The internet in general is quite free if all you want to do is read, but when you start talking there has to be some kind of accountability.


----------



## Navalsnpr (24 Jan 2005)

Che said:
			
		

> Exactly, I should've added that.
> The internet in general is quite free if all you want to do is read, but when you start talking there has to be some kind of accountability.



Good point. I do know that to join some PHP based news group sites like this one, you can't post until you registrar. As part of the registration process, you will receive an email with a code you have to submit to activate your account. If you give a false email, you won't be able to activate the account nor make submissions on the site.
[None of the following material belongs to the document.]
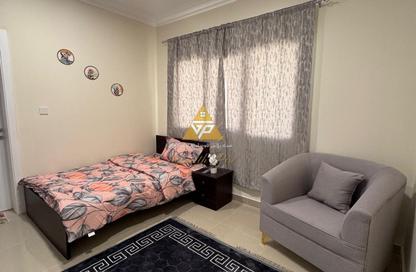 Villa - Studio - 1 Bathroom for rent in Al Luqta - Doha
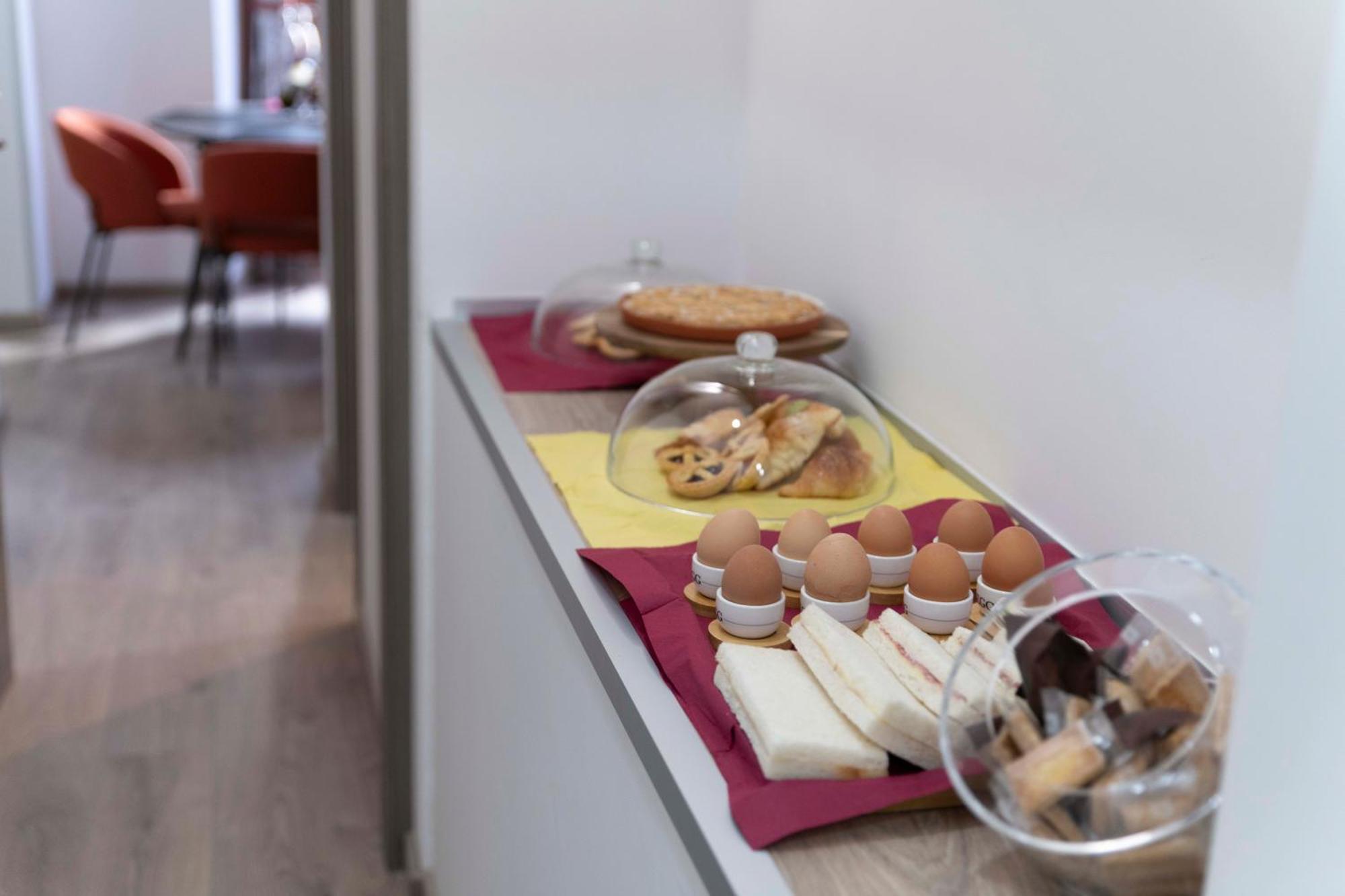 Cola Bed & Breakfast Rome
That process at least ensures that the owners/operators of the site have valid emails for those who post on the site.


----------



## Fruss (24 Jan 2005)

Navalsnpr: This site has a system like that, but it's so easy to have a different email address..  I have 3 email addresses, so if I get banned on 1, I can register on another, and I can create another one if necessary..

Frank


----------



## George Wallace (24 Jan 2005)

Frank

That may work if you have multiple personalities, but if you don't and start posting with the same spelling, grammar and attitude, it doesn't take too long to expose yourself.  If you are banned and come back and don't change your MO, you'll be found out and banned again.  It is a small world and Int sorts lots of the crap out in the end.

GW


----------



## Fruss (24 Jan 2005)

George Wallace said:
			
		

> Frank
> 
> That may work if you have multiple personalities, but if you don't and start posting with the same spelling, grammar and attitude, it doesn't take too long to expose yourself.   If you are banned and come back and don't change your MO, you'll be found out and banned again.   It is a small world and Int sorts lots of the crap out in the end.
> 
> GW



Yeah, I totally agree, the email thing is only to get past the security check..  You WILL get busted while writing..  but as someone else mentionned, if they come back and just read, without posting, why not??  They don't harm anyone..

Frank


----------



## Scott (24 Jan 2005)

A ban on your account gives you "read only" access, same as you had before registering here. The only difference I can see between the two (Feel free to jump on this Mike) is that with your account, even though it's banned, someone could PM you and, if your account settings are such, it would go to your specified email, guests don't have that option.


----------



## PeterLT (25 Jan 2005)

I don't want to date myself, but in my day banning involved a broken sabre and a branding iron..... 

Peter


----------



## Mike Bobbitt (25 Jan 2005)

To answer the original question, there is no "formula" for catching returning users who have been banned. Luckily, our staff here have developed an uncanny ability to detect this and catch returning users.

The forum software allows us to ban based on IP address, e-mail address/domain, userid, etc. It's quite flexible, which is good because there are rarely two cases that are the same.

We're aware of the dangers of IP banning, and usually discuss the right approach before proceeding. (In no small part because banning is the last resort, and avoided if at all possible.)


Cheers
Mike


----------